Monsters and marvels are dangerous because they defy categorization, they hybridize, and they hijack human language to use for their own monstrous purpose. The unsettling suggestion of Wonders is that these creatures might not be simply “bodies” that signify only God’s power over the physical, his ability to raise the physical, human body from the dead written in His creation of bodies fantastic.[3] Rather, more than just the inhabitants of Ciconia may be “thought to be men” – a potential best left unexplored, and its consequences left unsuffered. Thus the final injunction of the Mambres and Jamnes segment of the text leaves us where the text began -- in the midst of an unresolved possibility of beings, fragmented beyond perfect comprehension of a reason, with only the stern warning that it isn’t ours to know, or even to ask about.
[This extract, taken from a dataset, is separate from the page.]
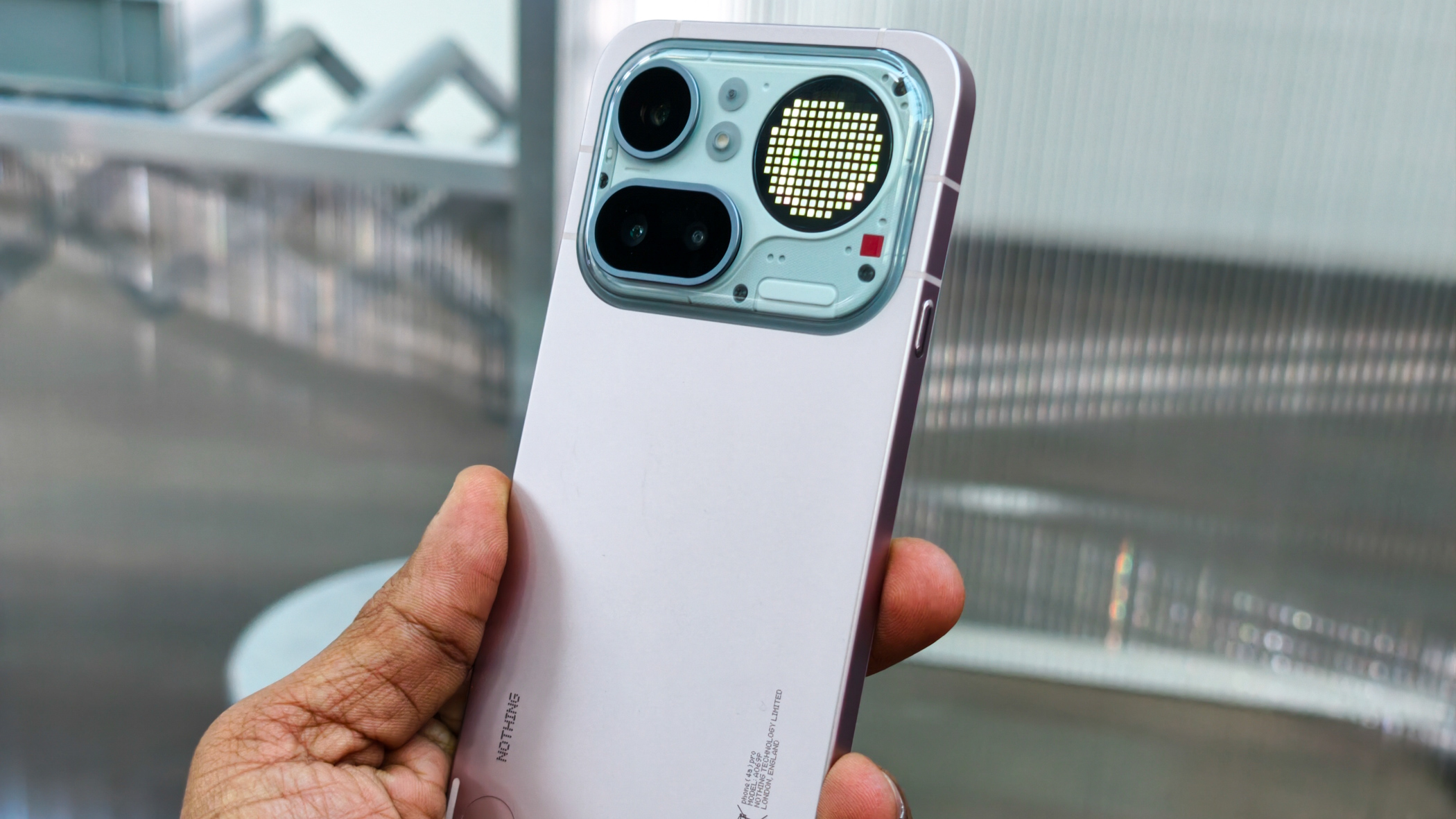 Nothing Phone 4a Pro Pink από την κυκλοφορία στο Λονδίνο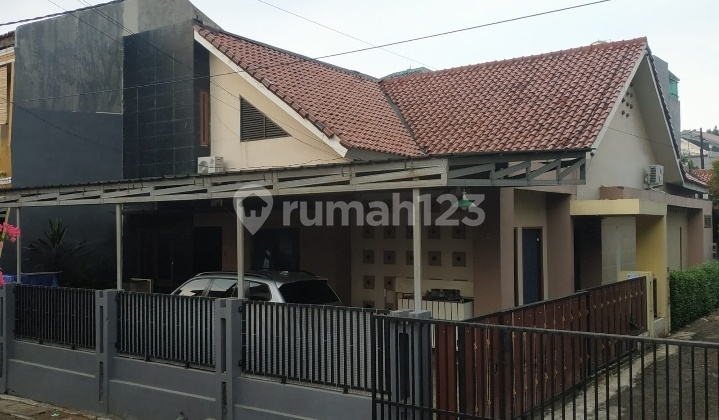 Rumah Non Komplek, Shm, Bebas Banjir,akses 2 Mobil Di Limo, Depok Rumah Non Komplek, Shm, Bebas Banjir,akses 2 Mobil Di Limo, Depok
We end with two magicians, deep secrets of idolatry, knowledge written in books, and the warning that some things are not supposed to be known.



[1] Orchard, Pride and Prodigies, 253.

[2] Jeffrey Cohen’s visualization of the Donestre (as literally incorporating was key in connecting these concepts. Cf. Of Giants p. 3-5, most specifically: "in the last scene of the narrative, the traveler has been completely transformed. The severed head is an empty point of fascination that directs the viewer’s gaze back to the alienating form in which the traveler is now contained, at the monster he has now become."

[3] Cf. Austin for a cogent description of Augustine’s theory. Austin, Greta. “Marvelous Peoples or Marvelous Races ? Race and the Anglo-Saxon
Wonders of the East
” in Marvels, Monsters and Miracle: Studies in the Medieval and Early Modern Imaginations. Ed. Timothy S. Jones and David A Sprunger. Kalamazoo: Medieval Institute Publications, 2002.